- [MATERIAL FOR THE TASK]
===============
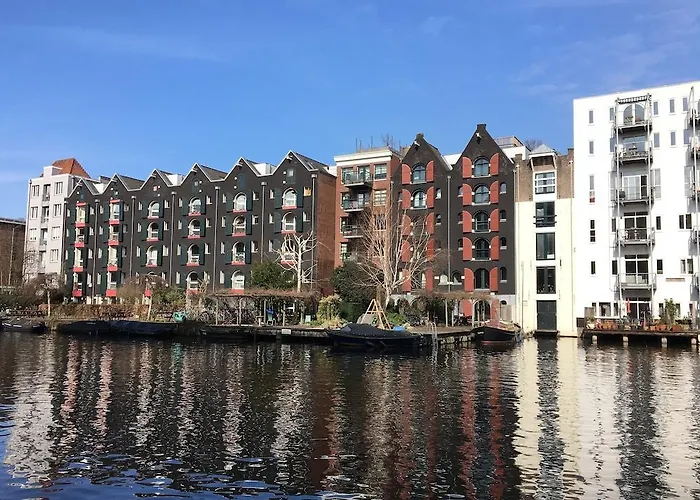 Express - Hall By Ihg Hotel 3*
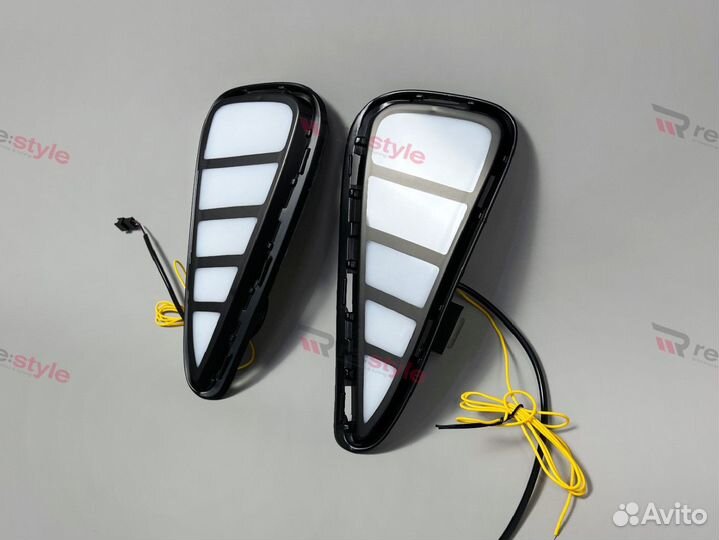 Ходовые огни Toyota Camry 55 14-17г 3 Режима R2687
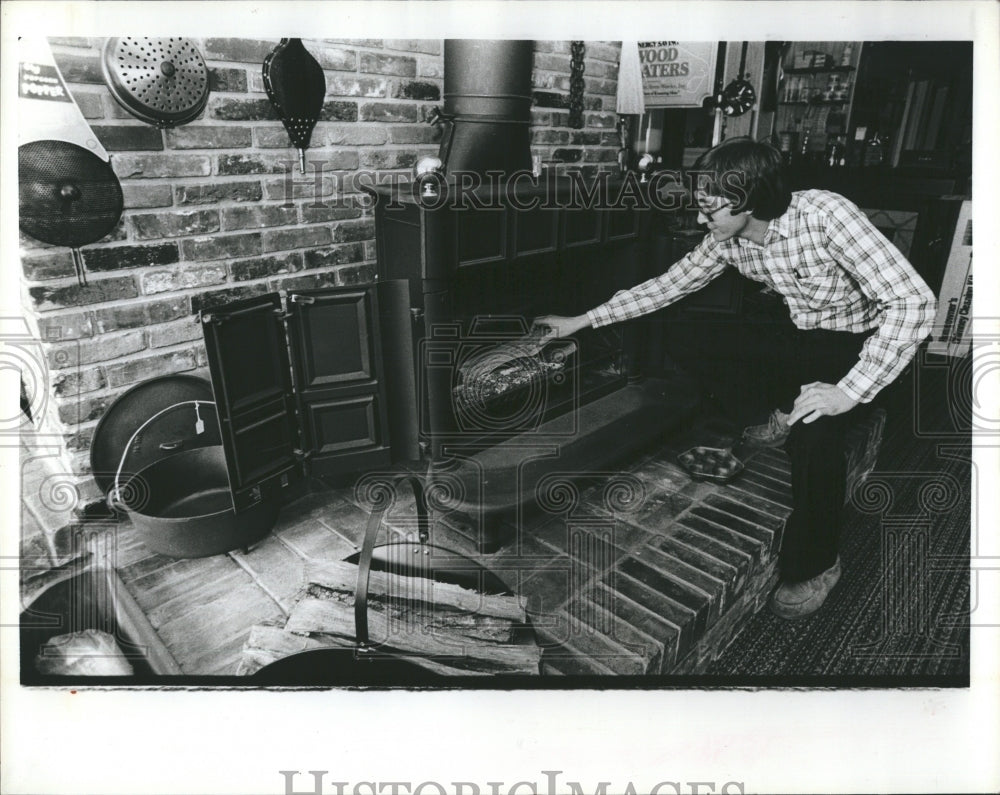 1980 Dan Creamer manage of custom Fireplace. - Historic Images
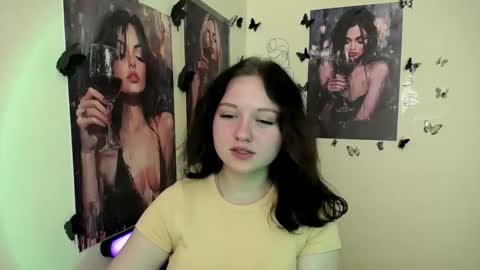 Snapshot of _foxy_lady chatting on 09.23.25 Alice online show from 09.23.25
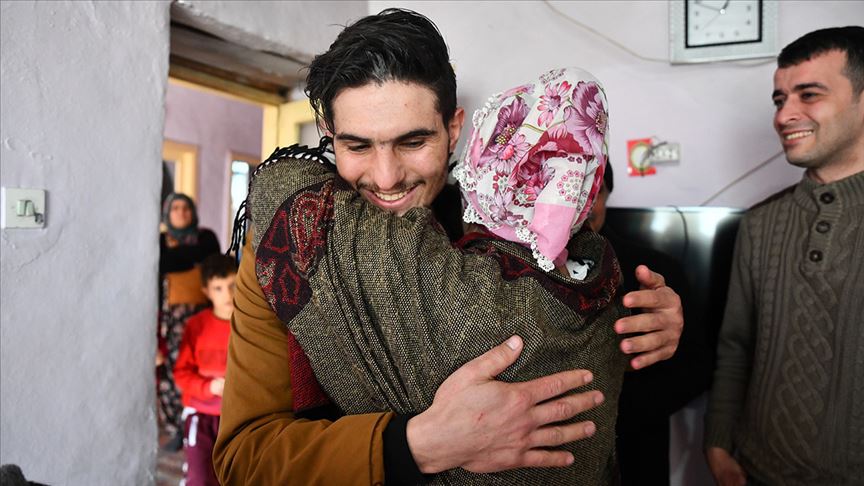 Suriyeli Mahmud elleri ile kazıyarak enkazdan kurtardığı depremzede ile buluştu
===============
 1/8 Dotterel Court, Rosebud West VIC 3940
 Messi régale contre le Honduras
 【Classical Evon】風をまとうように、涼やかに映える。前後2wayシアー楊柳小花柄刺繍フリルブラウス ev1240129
===============
- [EXERCISE INSTRUCTIONS] Look back at the data above, then output exactly the lines from the line holding "Ходовые огни Toyota" up to and including the line holding "Suriyeli Mahmud elleri". Leave out the pictures.

- [EXERCISE SOLUTION]
 Ходовые огни Toyota Camry 55 14-17г 3 Режима R2687
 1980 Dan Creamer manage of custom Fireplace. - Historic Images
 Snapshot of _foxy_lady chatting on 09.23.25 Alice online show from 09.23.25
 Suriyeli Mahmud elleri ile kazıyarak enkazdan kurtardığı depremzede ile buluştu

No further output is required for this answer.